И, махнув рукой, Журбо начал рассказывать Грохотову о всем виденном в экваториал.

— Это замечательно, дорогой мсье Журбо, — выслушав его и тяжело вздыхая, ответил старик, — и я от всей души поздравляю вас, потому что вы, несомненно, накануне какого-то изумительного открытия, но… — и он вытащил из кармана узенькую, как серпантин, ленту радиограммы.

— Я тоже целую ночь не спал, чтобы прочесть вам эту отбитую в 11 часов вечера ленту. Вот слушайте — радиограмма Лукновской коротко-волновой станции: «Германия отклонила ультиматум Франции о разоружении. Война объявлена», а в половине первого телеграфист принес мне вот эту ленту: «Началась бомбардировка Берлина газовыми снарядами. Весь юго-западный район города окутан облаками ядовитого газа. Шарлоттенбург, Груневальд, Шмагендорф, Лихтерфельде тонут в облаках светло-лилового, имеющего сильный лимонный запах, газа… В Потсдаме вымерло все население… Батареей, установленной в Кепенике, сбито три французских аэроплана-бомбомета… Вода в Фарландерзее и Гафеле, отравленная газами, превращается в какой-то, имеющий все тот же лимонный запах, студень… Газ движется к северу, к Вильмерсдорфу и Шенебергу»… О, черт! — выругался Грохотов, разрывая ленточный клубок, — я не хочу читать дальше о всей этой мерзости!!!

IV. Начинается…

«М-сье Леону-Жаку Журбо. Эверест. Обсерватория М. А. А. Париж. 28 июня 194s года.

Дорогой папочка!

У нас очень скверно. Все уезжают из Парижа. Уехали Агессо, Ла-Буардоны, Лоссьё. Ходят слухи о готовящейся атаке Парижа Германией, причем говорят о каких-то микробах, которые будут заражать все вокруг какой-то страшной болезнью. Мы очень боимся и целый день плачем. Я сейчас иду к мадемуазель Журдэн и попрошу ее, чтобы она взяла нас с собой в Тулузу, куда она едет к своему брату.

Дорогой папочка, ты о нас не беспокойся.

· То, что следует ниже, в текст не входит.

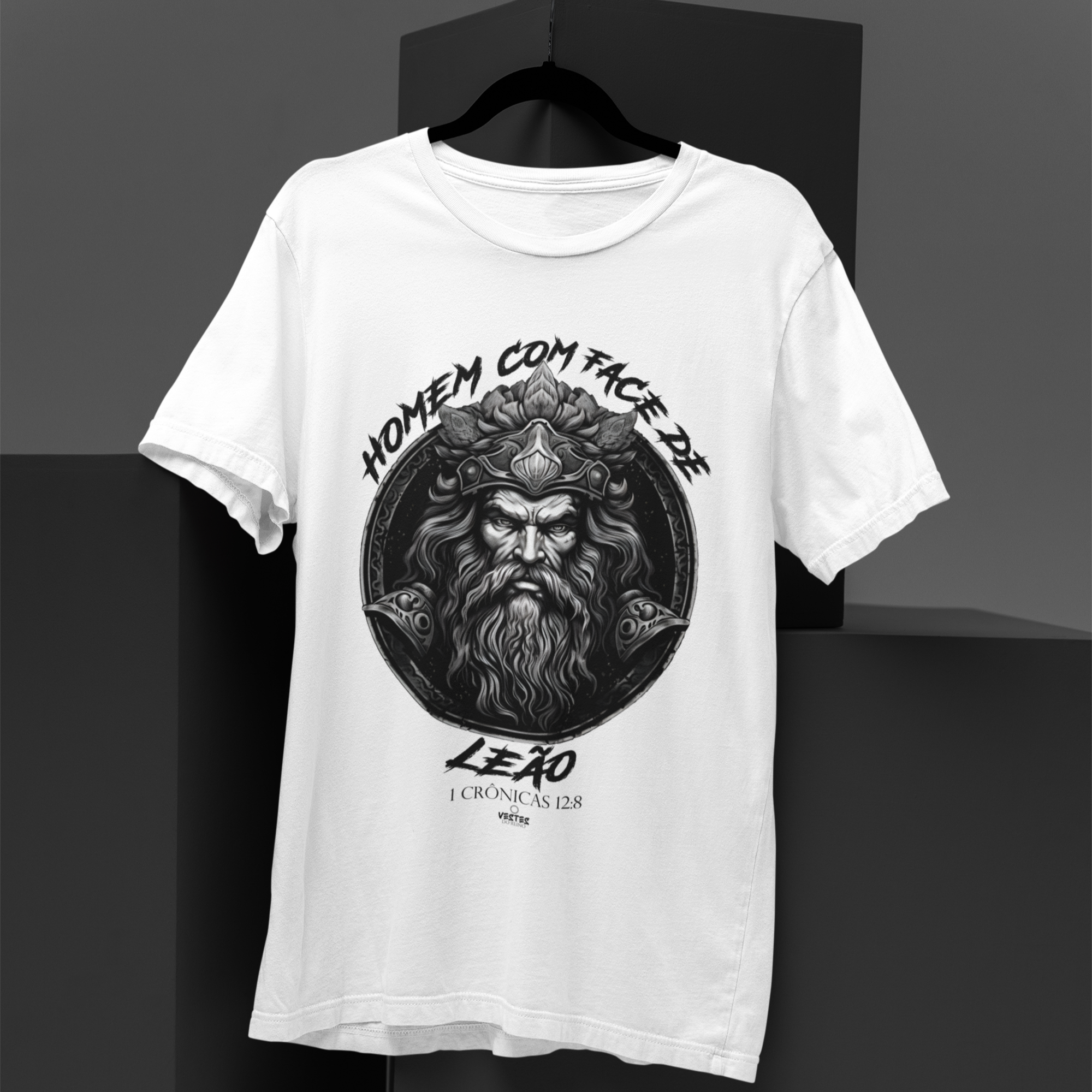 HOMEM COM FACE DE LEÃO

Все мы здоровы, и думаем, что ничего с нами не случится. Каково-то там тебе, среди холода, почти одинокому. Я уже кричала тебе на вокзале, когда ты разбил стекло, что мы забыли положить в чемодан сигары. Купил ли ты их в Марселе? Кто тебе штопает носки, стирает белье? Мы все об этом очень беспокоимся.

Крепко, крепко целуем тебя, дорогой папочка. Будь здоров и не беспокойся о нас.

Мари. Н и н е т. Л у.»

Журбо держал в руках синенький листок бумаги и думал о том, что события, проносящиеся с грохотом по далекой Европе, неожиданно и грубо прикоснулись и к нему… И хотя он не сомневался в том, что страхи детей несколько преувеличены, чувство беспокойства овладевало им все сильнее и сильнее. Он сейчас же дал радиограмму в парижское справочное бюро с просьбой сообщить, уехали ли дети, другую — в Тулузу, мадемуазель Журдэн, с запросом, приехала ли она и взяла ли с собой детей.

То обстоятельство, что с момента отправления письма, пересланного экстренной авиапочтой, прошло пять дней и что за эти пять дней радио не принесло никаких известий об атаке Парижа, значительно успокаивало его. А когда, час спустя, справочное бюро прислало ему ответную радиограмму, в которой сообщалось, что дети 30 июня выехали из Парижа, он успокоился совершенно.

В том состоянии почти физической расслабленности, которая особенно сильна у глубоко переживающих людей после душевных потрясений, он отправился к кабинке экваториала.

Проходя мимо комнаты Либетраута, он хотел было постучать в дверь, но тут же почувствовал, что не в состоянии оставаться в течение нескольких часов с глазу на глаз с человеком, весь образ которого, отчасти сам по себе, отчасти в связи с только что пережитыми минутами, был ему неприятен.

Почувствовал — и прошел мимо. Пройдя несколько шагов, поймал себя на недостойном ученого чувстве национальной неприязни и, чтобы наказать себя за него, хотел уж было вернуться и постучать в дверь. Случайно брошенный взгляд на широкое окно коридора показал ему сверкающую луну во всей ее прелести и созданной событиями в кратере таинственности. Махнул рукой и прошел дальше.

И лишь только она, огромная, близкая, остановилась, дрожа, в центре объектива, Журбо, впившийся взором в кратер, увидел, что пятно не исчезло, а наоборот, несколько увеличилось.